Mas como a escola pode contribuir mais com essa temática se hoje ainda é um tabu tratar qualquer coisa relacionado a sexo na sala de aula? Há casos em que professores são atacados e acusados de “doutrinação” por levarem esse tema aos estudantes.
É preciso deixar a histeria de lado e entender que nem todas as crianças têm a oportunidade de aprender, em casa, a se defender de situações de abuso. Muitas, na verdade, estão sofrendo nas mãos daqueles que deveriam protegê-las.
Esse debate não pode mais ser adiado e nem virar palanque político para pautas extremistas e que nada contribuem para a proteção das crianças.
O cenário no Espírito Santo
O Espírito Santo registrou, em 2022, 1.736 casos de estupros, sendo 1.259 casos de estupros de vulneráveis. O índice representa um aumento de 14,9% com relação a 2021 (quando foram registrados 1.501 casos) e uma taxa de 45,3 casos para cada 100 mil habitantes – o que é maior que a taxa média registrada no País, de 36,9 casos para cada 100 mil habitantes.
O Espírito Santo está em 13º lugar entre os estados com mais casos desse tipo de crime. Só a título de comparação, em 1º lugar, com o maior número de casos de estupros por 100 mil habitantes está Roraima, com 114,1 casos/100 mil. A menor taxa está na Paraíba, com 13,7 casos para cada 100 mil habitantes. É bom frisar que há sempre a ressalva da subnotificação dos crimes sexuais e isso não só no País.
Os casos de assédio sexual e importunação sexual também aumentaram no Estado. De 2021 para 2022 pularam de 368 para 421 registros de assédio (aumento de 13,6%) e os de importunação, foram de 56 para 156 casos, um salto de 192,3%.
Já os casos de agressões provenientes de violência doméstica em solo capixaba, aumentaram em 16,9% no ano passado. Mas a taxa por 100 mil habitantes é menor que a média nacional. No Espírito Santo é de 115,8 e a média nacional é de 236,7.

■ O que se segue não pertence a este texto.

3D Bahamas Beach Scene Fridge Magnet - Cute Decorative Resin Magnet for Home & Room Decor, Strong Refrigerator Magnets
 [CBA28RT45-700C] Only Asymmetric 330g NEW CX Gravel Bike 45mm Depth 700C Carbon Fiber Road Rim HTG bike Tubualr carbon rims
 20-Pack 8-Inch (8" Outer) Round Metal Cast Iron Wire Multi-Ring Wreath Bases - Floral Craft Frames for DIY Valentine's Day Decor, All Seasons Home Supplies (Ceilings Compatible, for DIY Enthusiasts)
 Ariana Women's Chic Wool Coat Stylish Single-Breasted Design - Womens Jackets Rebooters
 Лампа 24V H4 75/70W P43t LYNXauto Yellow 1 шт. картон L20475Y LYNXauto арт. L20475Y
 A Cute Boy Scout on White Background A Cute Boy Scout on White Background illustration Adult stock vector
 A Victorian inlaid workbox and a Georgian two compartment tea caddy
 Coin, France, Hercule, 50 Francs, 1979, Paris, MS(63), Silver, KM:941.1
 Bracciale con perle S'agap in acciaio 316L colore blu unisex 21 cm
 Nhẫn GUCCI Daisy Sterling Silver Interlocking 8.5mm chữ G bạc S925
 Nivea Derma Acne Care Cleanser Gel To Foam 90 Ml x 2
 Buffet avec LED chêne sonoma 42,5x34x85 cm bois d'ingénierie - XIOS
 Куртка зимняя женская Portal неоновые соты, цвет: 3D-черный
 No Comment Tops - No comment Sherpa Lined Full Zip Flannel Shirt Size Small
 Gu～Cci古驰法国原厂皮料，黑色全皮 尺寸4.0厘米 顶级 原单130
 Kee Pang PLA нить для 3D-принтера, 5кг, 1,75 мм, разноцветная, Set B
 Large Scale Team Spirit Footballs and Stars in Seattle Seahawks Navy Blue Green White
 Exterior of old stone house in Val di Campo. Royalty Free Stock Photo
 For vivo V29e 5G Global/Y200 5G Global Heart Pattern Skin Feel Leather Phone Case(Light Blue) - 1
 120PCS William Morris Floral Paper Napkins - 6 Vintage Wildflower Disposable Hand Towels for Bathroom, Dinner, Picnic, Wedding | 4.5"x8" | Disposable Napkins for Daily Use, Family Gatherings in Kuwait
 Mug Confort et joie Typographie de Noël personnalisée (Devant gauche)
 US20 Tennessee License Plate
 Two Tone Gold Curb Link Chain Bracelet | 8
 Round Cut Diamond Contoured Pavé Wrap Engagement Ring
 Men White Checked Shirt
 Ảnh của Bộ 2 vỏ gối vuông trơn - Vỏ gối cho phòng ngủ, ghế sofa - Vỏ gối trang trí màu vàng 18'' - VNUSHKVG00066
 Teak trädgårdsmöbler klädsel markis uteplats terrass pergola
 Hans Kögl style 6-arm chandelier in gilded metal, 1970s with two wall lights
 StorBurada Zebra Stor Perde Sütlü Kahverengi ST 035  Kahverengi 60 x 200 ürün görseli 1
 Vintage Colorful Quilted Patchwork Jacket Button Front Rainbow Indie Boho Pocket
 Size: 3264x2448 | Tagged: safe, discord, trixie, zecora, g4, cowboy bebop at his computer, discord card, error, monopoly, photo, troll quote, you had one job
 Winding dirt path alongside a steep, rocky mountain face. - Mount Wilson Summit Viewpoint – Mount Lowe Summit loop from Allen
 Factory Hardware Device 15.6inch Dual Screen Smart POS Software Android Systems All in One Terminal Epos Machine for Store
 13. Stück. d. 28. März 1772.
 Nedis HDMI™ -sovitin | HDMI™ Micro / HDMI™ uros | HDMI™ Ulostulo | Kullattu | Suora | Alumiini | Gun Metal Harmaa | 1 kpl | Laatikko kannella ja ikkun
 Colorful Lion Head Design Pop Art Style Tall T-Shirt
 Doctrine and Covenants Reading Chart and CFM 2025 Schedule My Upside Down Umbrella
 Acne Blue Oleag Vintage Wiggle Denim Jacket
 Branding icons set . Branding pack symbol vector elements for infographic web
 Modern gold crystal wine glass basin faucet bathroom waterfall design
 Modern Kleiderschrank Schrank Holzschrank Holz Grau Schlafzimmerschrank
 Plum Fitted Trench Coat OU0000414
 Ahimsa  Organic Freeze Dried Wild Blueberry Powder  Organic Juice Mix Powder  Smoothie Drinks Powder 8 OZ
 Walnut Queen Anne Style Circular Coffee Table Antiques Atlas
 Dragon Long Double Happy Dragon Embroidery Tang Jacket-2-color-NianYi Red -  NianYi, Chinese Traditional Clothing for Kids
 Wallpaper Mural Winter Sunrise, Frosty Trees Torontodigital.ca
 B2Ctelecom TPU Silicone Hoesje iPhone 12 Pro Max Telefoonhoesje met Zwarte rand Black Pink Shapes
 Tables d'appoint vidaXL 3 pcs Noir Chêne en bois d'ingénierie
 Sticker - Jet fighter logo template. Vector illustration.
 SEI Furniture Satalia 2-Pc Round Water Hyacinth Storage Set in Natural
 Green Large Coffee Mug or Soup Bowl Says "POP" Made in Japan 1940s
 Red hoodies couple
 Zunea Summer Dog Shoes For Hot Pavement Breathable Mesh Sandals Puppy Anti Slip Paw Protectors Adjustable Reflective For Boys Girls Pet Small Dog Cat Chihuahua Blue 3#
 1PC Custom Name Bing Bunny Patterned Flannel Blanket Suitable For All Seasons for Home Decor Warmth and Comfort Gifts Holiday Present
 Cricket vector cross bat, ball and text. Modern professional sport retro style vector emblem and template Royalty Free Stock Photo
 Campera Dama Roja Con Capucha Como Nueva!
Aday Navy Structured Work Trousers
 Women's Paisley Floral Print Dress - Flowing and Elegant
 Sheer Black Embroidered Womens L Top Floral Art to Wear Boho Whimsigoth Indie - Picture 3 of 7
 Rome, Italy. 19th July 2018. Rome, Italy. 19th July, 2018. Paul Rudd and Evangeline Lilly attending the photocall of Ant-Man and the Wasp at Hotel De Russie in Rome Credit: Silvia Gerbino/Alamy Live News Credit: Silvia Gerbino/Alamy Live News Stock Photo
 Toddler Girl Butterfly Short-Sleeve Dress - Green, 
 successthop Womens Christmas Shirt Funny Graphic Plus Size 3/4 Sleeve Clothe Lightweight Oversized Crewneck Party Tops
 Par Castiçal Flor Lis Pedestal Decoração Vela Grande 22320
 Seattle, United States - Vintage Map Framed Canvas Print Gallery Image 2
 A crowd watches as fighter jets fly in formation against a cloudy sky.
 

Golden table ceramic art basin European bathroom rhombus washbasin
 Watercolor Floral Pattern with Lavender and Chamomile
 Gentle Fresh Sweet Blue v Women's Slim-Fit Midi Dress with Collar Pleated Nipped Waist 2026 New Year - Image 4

Com relação às ameaças às mulheres, o número registrado foi de 12.473, um aumento de 10,3% com relação a 2021. A taxa é de 640,7 ameaças para cada 100 mil mulheres, a média no País é de 591. Os casos de perseguição (stalking) registrados por mulheres capixabas pularam de 198 para 508 e o de violência psicológica, de 155 para 388.
Dos 1.437 feminicídios registrados no ano passado em todo o país, 33 (2,29%) foram registrados no Espírito Santo. O número, comparado ao registrado no Brasil inteiro, parece pequeno, mas quando se leva em conta a população do Estado, a taxa de feminicídios por 100 mil mulheres, foi de 1,7 crimes, maior que a média nacional de 1,4.
“Cultura machista”
O secretário de Estado da Segurança Pública, coronel Alexandre Ramalho, lamentou o aumento da violência contra mulheres e pessoas vulneráveis e disse que é necessário combater a “cultura machista”.
“Lamentavelmente esses crimes ocorrem com uma incidência muito forte, o que mostra uma cultura machista, uma cultura que o homem acha que pode fazer tudo com a mulher ou com o vulnerável. É muito difícil atuar na prevenção por parte das nossas polícias, para evitar que o crime aconteça, porque geralmente esses crimes ocorrem entre quatro paredes, com uma proximidade muito grande do autor com a vítima, mas ainda assim, nós lutamos para reverter”.
O secretário citou o programa “Homem que é Homem”, encampado pela Polícia Civil, que atua com palestras direcionadas ao público masculino, e a patrulha Maria da Penha, que faz visitas nas residências das mulheres vítimas de violência.
“É importante que tenhamos um diálogo aberto nas escolas, a educação tem papel preponderante, e também nas igrejas, com diálogo franco, além das famílias que precisam conversar, acompanhar e diagnosticar essas questões, impedindo que esse crime aconteça. Mas, acontecendo, é preciso relatar às autoridades policiais para que as providências sejam adotadas”.
Ramalho também defendeu um endurecimento da legislação penal para punir os criminosos e evitar que eles voltem a cometer os mesmos delitos. “Esse conjunto de ações ajuda a minimizar”, disse o secretário.